A 90-day trial period is a provision in an employment agreement that is only available to employers with 19 or fewer employees, that allows an employer to terminate an employee's employment without reason during the first 90 days of their employment. If an employer dismisses an employee during a 90-day trial period, the employee is not entitled to bring a personal grievance against the employer.


The purpose of a 90-day trial period is to allow employers to assess whether a new employee is a good fit for the job. During the trial period, the employer can observe the employee's work performance, attitude, and fit with the company culture. If the employer is not satisfied with the employee's performance during the trial period, they can dismiss the employee without any further consequences.


However, there are a few legal ins-and-outs that need to be discussed, as these often catch employers out and can leave them liable for a personal grievance.


The employment agreement must provide a 90-day trial period

A 90-day trial period will not be able to be enforced if it is not contained within the employment agreement. The Businss.govt.nz website's Employment Agreement Builder provides a great example for a 90-day period clause:


The first 90 days of employment will be a trial period, starting from the first day of work.


During the trial period, the employer may dismiss the employee. Notice must be given within the trial period. Depending on how long the notice period is, the last day of employment may be before, at, or after the end of the trial period.


During the trial period, the employer’s normal notice period doesn't apply. Instead, either the employee or the employer may end this agreement by giving 1 week notice before the trial period ends. The employer might decide to pay the employee not to work. For serious misconduct, the employee may be dismissed without notice.

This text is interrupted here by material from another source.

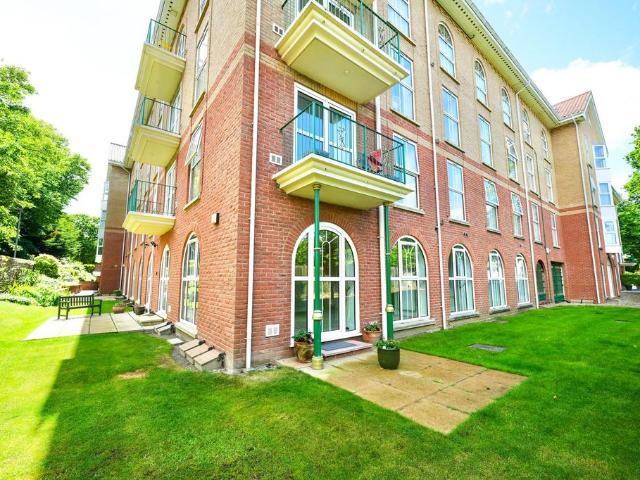 Flat for sale in Comers, Norfolk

If dismissed during the trial period, the employee cannot bring a personal grievance or other legal proceedings about the dismissal. They may still bring a personal grievance if they feel the employer has treated them unfairly for other reasons, eg discrimination, harassment or unjustified disadvantage.


During the trial period, the employer and employee must treat each other in good faith.


While each 90-day period clause may be slightly different, the most important parts to include is that the employee is subjected to a 90-day trial period, and as a result, if they are dismissed they cannot bring a personal grievance or other legal proceedings. If a 90-day period cluse is not worded correctly, for example, if it omits the fact that an employee cannot bring a personal grievance, then it may be subject to challenge.


The employee must have agreed to the 90-day period prior to commencing employment

The parties must have agreed on a 90-day trial period prior to commencing employment. While it is preferable that this agreement is shown by way of a signed employment agreement, it is possible for there to be agreement without the signed employment agreement: for example, if an employee were to respond to an email which attached the employment agreement, stating that they explicitly agreed to the terms.


The theory behind this is that there must be unequivocal agreement. An unsigned employment agreement implies that the agreement is still subject to further negotiation and alteration. It is therefore imperative that any employer seeking to include a 90-day period, ensures that the employment agreement is signed and returned prior to the employee commencing employment. If the employee has not signed the employment agreement by the date of proposed commencement, the employer is best to reschedule that commencement date until the agreement is signed. Otherwise, they risk having an ineffective 90-day trial period.


90-day trial periods can't be used for previous or existing employees

The purpose of the 90-day period is to genuinely assess the suitability of an employee. It is only available for new employees, meaning that 90-day trial periods cannot be used for existing employees who have been promoted into a higher role, or for employees who have previously held employment with that employer (for example, on a casual or fixed-term basis).


90-day trial periods don't protect against all claims

It is important to note that a 90-day trial period does not mean that the employee has no rights. The employee is still able to raise any claim that is not connected to the termination of employment The employee can still bring claims relating to minimum wage, breach of employment agreement, breach of the Holidays Act 2003, and so on.


The employee can also bring personal grievances for unjustified disadvantage (for example, for bullying), for sexual harassment, racial harassment, or any of the other personal grievances available under section 103 of the Employment Relations Act 2000.


Conclusion

While 90 day trial provisions are available for small employers to use a part of their hiring practices, it's important to ensure that these are implemented lawfully, otherwise the employer could be subjecting themselves to significant risk of a personal grievance.


If unsure, I recommend seeking legal advice!